While talks thus far have been exploratory at best, an SEC official confirmed to the Birmingham News that they would be open to continuing discussions on an extended partnership with the Big 12. Per the News, that would include regular-season football and basketball scheduling as well as, the paper writes, “marketing and possibly even television partnerships.”
“That’s a situation we would keep an open mind on, but we haven’t had a lot of significant discussions at this point,” Womack said. “There’s a lot of different ways that could work. At this point, we’re continuing to move forward with scheduling the conference as we’ve planned.”
In an interview with the Austin-American Statesman late last week, commissioner Bob Bowlsby acknowledged that the Big 12 is looking into an alliance with the ACC as well as two other unspecified conferences. The SEC is now confirmed to be one of the other two, while it’s widely believed the Pac-12 would be the other Bowlsby declined to name.
The conventional wisdom is that a partnership such as the 10-team Big 12 is discussing could help head off another round of conference expansion, although all it would take is for one league — specifically, the Big Ten — to add members to make any alliance talk moot.
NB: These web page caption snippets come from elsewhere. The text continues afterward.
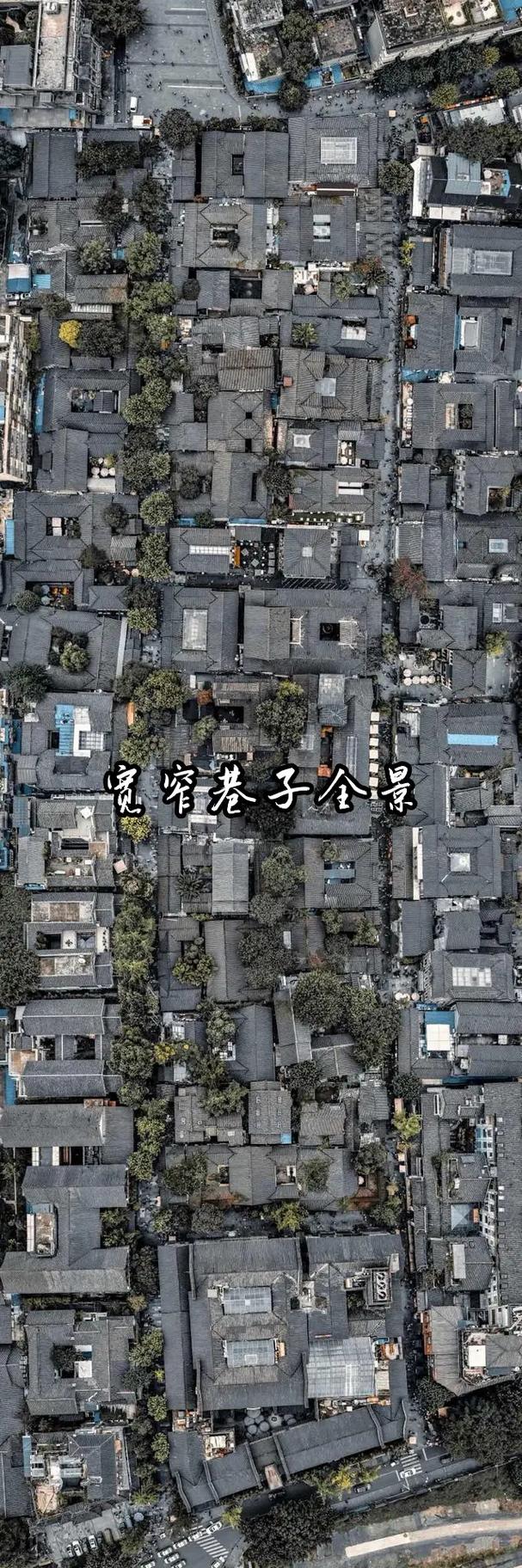 宽窄巷子旅游攻略，如何玩转成都的历史文化街区？-图1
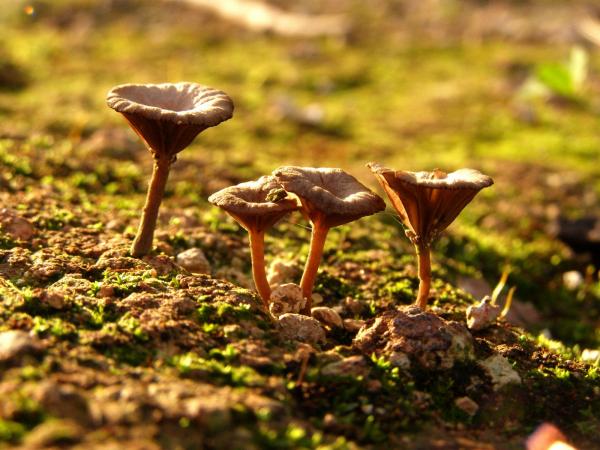 ארבעת המוסקטרים – משה יפה | תמונה לסלון בסגנון כפרי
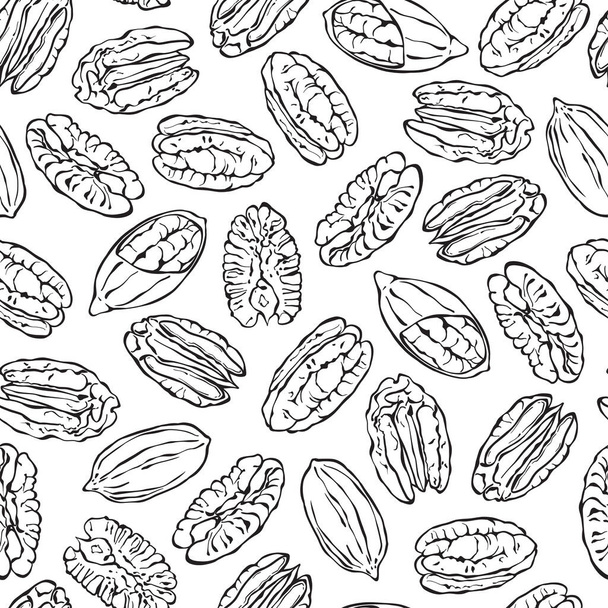 Seamless background with pecans on white. Vector. Hand-drawn. Line art. - Vector, imagen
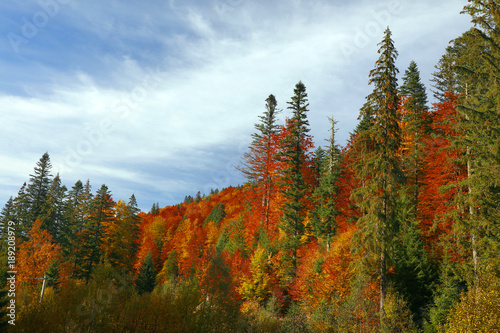Autumn landscape in the Romanian Carpathians, Europe © Rechitan Sorin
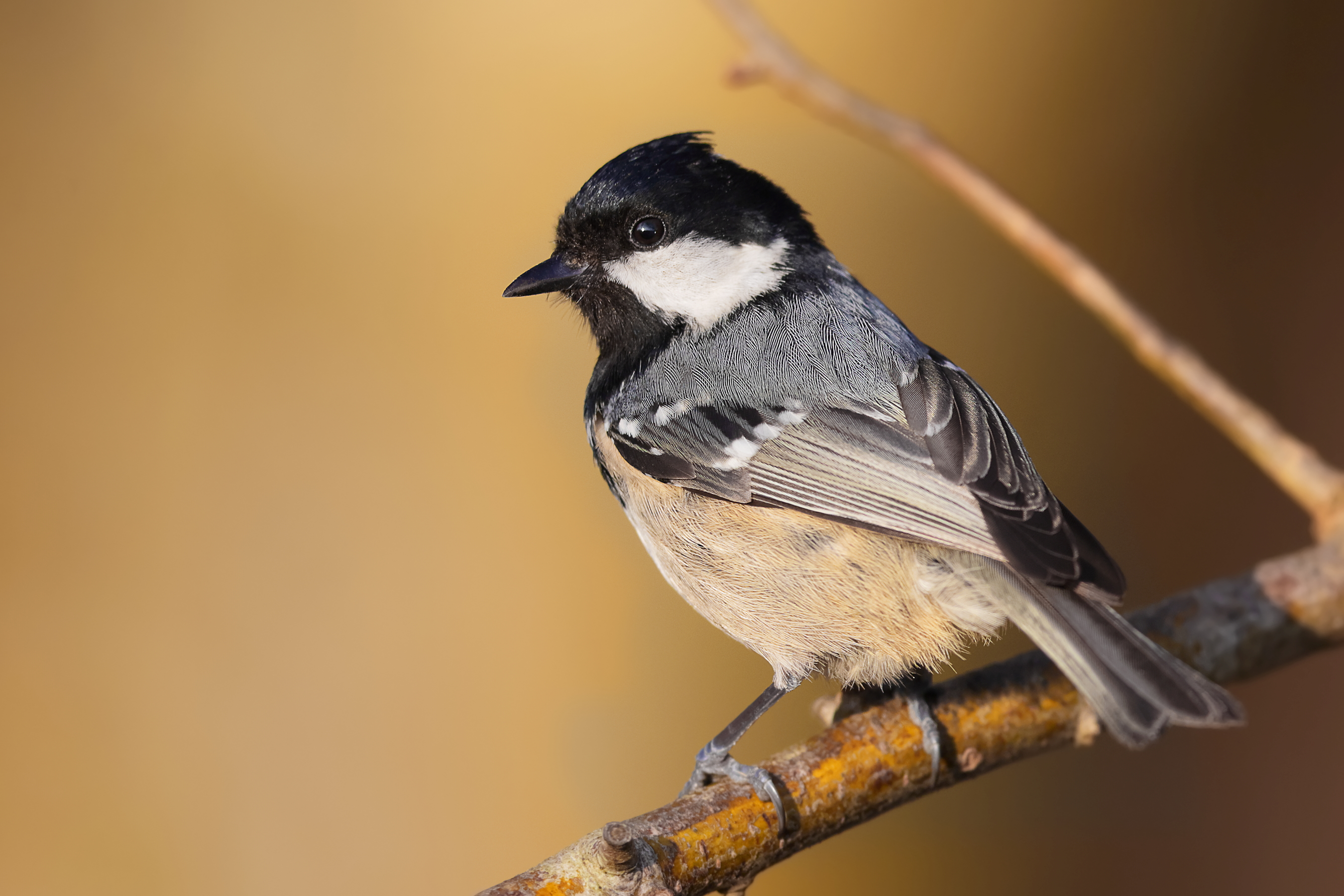 Frühlingsstimmung...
In late December of 2011, the Big Ten and Pac-12 announced a scheduling agreement between the two conferences that was slated to begin in 2017. The goal of the agreement was for each of the 12 members of the Pac-12 to face a member of the 12-school Big Ten in football, strengthening the nonconference schedules of both leagues. In July of last year, and thanks in large part to the Pac-12’s nine-game conference schedule, the agreement was called off.
Four months later, the Big Ten announced the additions of Maryland and Rutgers, boosting the conference’s membership to the same 14-team level as the SEC and ACC — after the latter raided the Big East for Louisville, of course.